The relationship between Trump’s administration and Kim’s regime deteriorated in subsequent months, however, as Kim showed reluctance to surrender his nuclear capabilities. In a second summit with Kim last year in Hanoi, Vietnam, Trump walked away from negotiations aimed at striking a nuclear accord.

Trump claimed last February that Japanese Prime Minister Shinzo Abe nominated him for a Nobel Peace Prize for his attempts to broker peace between North and South Korea, saying Abe had shown him “the most beautiful five-page letter” recommending Trump’s candidacy. Abe did not comment on whether he had indeed nominated Trump.

Trump celebrated his latest nomination Wednesday morning on Twitter, sharing several congratulatory messages from supporters including conservative radio host Mark Levin, Fox Business Network’s Lou Dobbs, and Republican congressional candidates Marjorie Taylor Greene and Lauren Boebert — who have both boosted the dangerous QAnon conspiracy theory.

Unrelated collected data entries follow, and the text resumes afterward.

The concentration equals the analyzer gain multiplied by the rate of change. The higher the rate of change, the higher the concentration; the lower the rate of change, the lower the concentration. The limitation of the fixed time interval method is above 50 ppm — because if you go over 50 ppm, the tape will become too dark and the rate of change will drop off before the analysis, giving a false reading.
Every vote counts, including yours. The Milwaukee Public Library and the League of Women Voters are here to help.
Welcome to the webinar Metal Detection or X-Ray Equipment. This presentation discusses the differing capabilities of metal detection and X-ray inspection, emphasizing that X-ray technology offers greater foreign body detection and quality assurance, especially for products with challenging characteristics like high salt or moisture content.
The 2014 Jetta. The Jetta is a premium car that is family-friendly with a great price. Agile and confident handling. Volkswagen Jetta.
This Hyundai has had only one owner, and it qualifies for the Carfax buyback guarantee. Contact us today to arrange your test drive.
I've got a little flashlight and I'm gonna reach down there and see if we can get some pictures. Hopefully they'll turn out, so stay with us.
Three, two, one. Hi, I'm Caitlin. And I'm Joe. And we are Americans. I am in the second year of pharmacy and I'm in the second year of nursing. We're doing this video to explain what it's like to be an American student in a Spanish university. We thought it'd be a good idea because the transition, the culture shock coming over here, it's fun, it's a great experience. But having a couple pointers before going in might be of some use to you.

McEnany also offered praise for the president, telling Fox News that his nomination was a “big deal” and “well-deserved” while misleadingly describing the Israel-UAE agreement as a “peace deal.”

“This president’s created peace around the world, drew down endless wars, and this is a president who is very much deserving of the Nobel Peace Prize,” she said, adding that “you cannot deny what has happened on President Trump’s watch.”

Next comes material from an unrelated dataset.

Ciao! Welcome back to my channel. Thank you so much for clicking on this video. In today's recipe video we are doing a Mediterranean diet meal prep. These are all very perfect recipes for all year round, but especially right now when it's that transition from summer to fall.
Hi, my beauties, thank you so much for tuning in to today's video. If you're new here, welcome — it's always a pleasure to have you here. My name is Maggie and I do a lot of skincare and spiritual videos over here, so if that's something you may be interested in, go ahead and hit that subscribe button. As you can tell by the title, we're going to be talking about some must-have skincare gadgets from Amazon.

During her Wednesday news briefing, she said Trump’s foreign policy would always be one of “peace through strength” and that the president’s outsider perspective gave him novel insight to solve old problems.

Although Trump was similarly enthusiastic about his nomination, he seemingly thought it to be overdue, retweeting a message asking: “What took so long?”

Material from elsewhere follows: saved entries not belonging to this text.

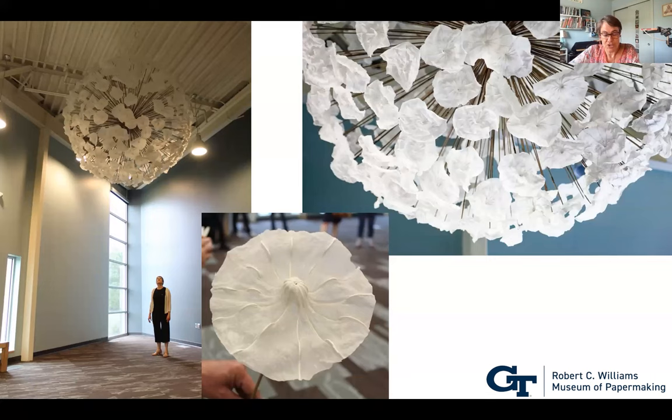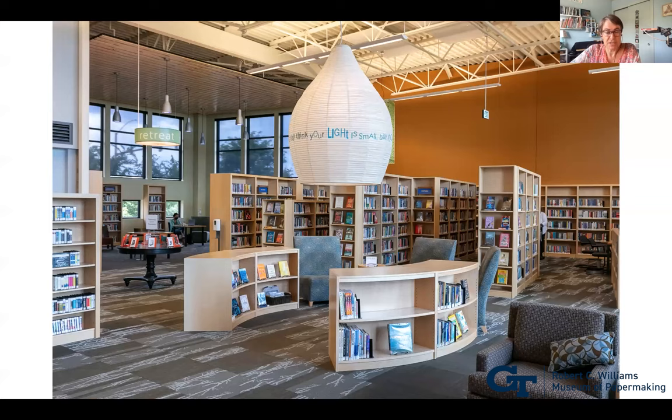I've done two large installations at an innovative library system in Denver that works with artists frequently and has many large-scale public artworks in its seven branches. In 2014 I constructed a piece called The Wish at one branch — dandelion seeds created with the abaca shrinking system — now a permanent installation. My most recent project is a giant paper lantern seven feet tall, constructed at Anythink Wright Farms in Denver. I have an eight-minute video documenting the project, called Step into the Light.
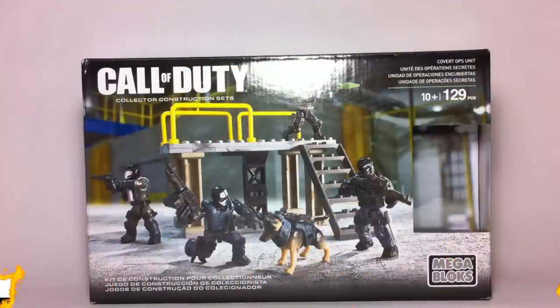Hi guys, it's Son Malak back here and today I'm going to be reviewing another Call of Duty Mega Bloks set. This is a Covert Ops Unit, a 2015 set. I ordered this on eBay, that's why I got it a little bit early. It includes 129 pieces and is recommended for ages 10 and up. This is probably one of those sought-after sets of this wave — everybody's been anticipating it, just because of the named characters we get in it. None of these named characters are new or anything, but it's just so nice to get them at such a small price.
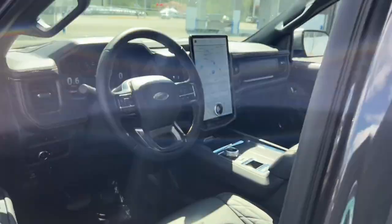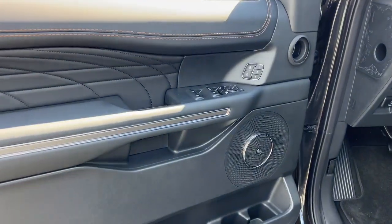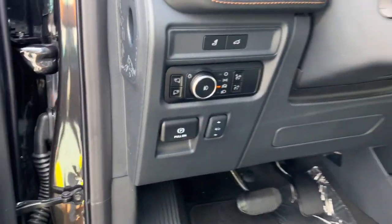Relax and soak up the calm of a luxuriously spacious passenger oasis when you journey in the Expedition Max. Treat yourself to a test drive today — our friendly staff will give you an outstanding customer experience.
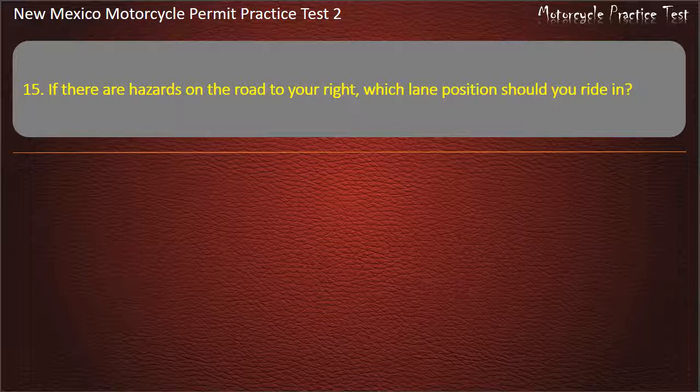Question 15. If there are hazards on the road to your right, which lane position should you ride in? 1. 3. 1 or 2. Answer: 1 or 2.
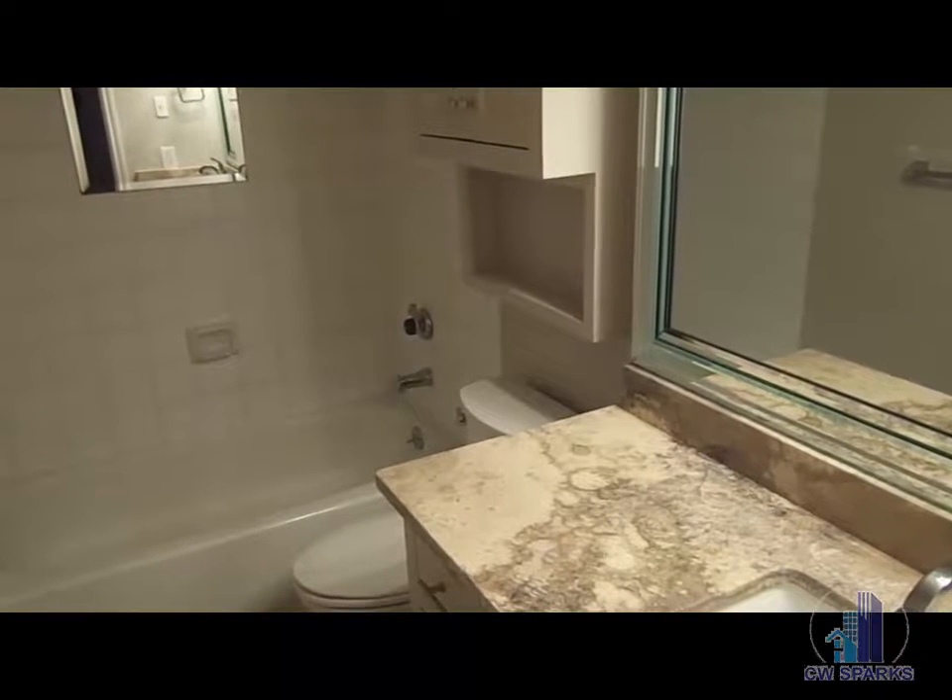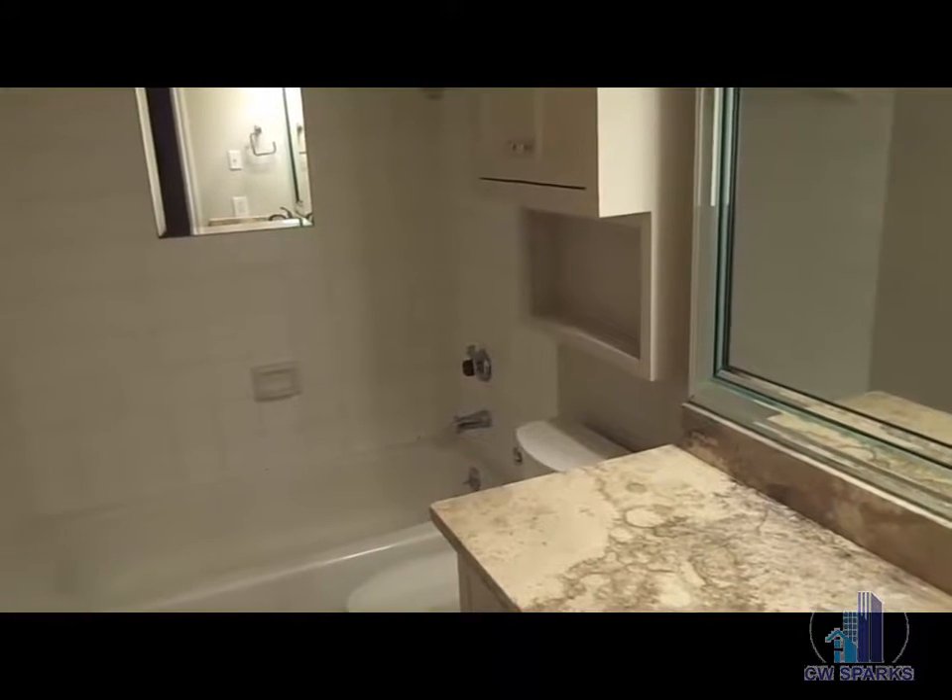Bathroom with ceramic tile flooring and granite counter on the vanity.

Even before his 2016 White House run, Trump had criticized former President Barack Obama for winning the Nobel Peace Prize barely nine months into office in 2009, when Obama himself conceded he had not yet produced significant results.

Obama was awarded the distinction for his “extraordinary efforts to strengthen international diplomacy” and his support for nuclear arms reduction. Three other U.S. presidents also have won the Nobel Peace Prize: Theodore Roosevelt, Woodrow Wilson and Jimmy Carter.

Last September, Trump railed against the Norwegian Nobel Committee — which is responsible for selecting the Peace Prize winners — after boasting about his ability to potentially broker a peace deal in the disputed region of Kashmir, between India and Pakistan.

Trump said he “would get a Nobel Prize for a lot of things if they give it out fairly, which they don’t,” and repeated his complaint that Obama was undeserving of the honor.

“They gave one to Obama immediately upon his ascent to the presidency, and he had no idea why he got it,” Trump said, adding: “You know what? That was the only thing I agreed with him on.”

There are currently 318 candidates for the Nobel Peace Prize for 2020, the fourth-highest number of candidates ever, according to the official website of the Nobel Prizes. Nominators qualified to submit candidates include a wide variety of figures from academia, government and other fields.

Despite his apparent fascination with the Nobel Prizes, Trump misspelled them and appeared to mistake the awards for journalism-related honors in April, when he attacked members of the media in a spree of since-deleted tweets.

“When will all of the ‘reporters’ who have received Noble Prizes for their work on Russia, Russia, Russia, only to have been proven totally wrong (and, in fact, it was the other side who committed the crimes), be turning back their cherished ‘Nobles’ so that they can be given to the REAL REPORTERS & JOURNALISTS who got it right,” Trump wrote, likely intending to refer to the Pulitzer Prizes.

“When will the Noble Committee Act?” Trump asked in another message, before seeking to shrug off his mocked tweets as a show of sarcasm.

“Does anybody get the meaning of what a so-called Noble (not Nobel) Prize is, especially as it pertains to Reporters and Journalists? Noble is defined as, ‘having or showing fine personal qualities or high moral principles and ideals,’” he wrote. “Does sarcasm ever work?”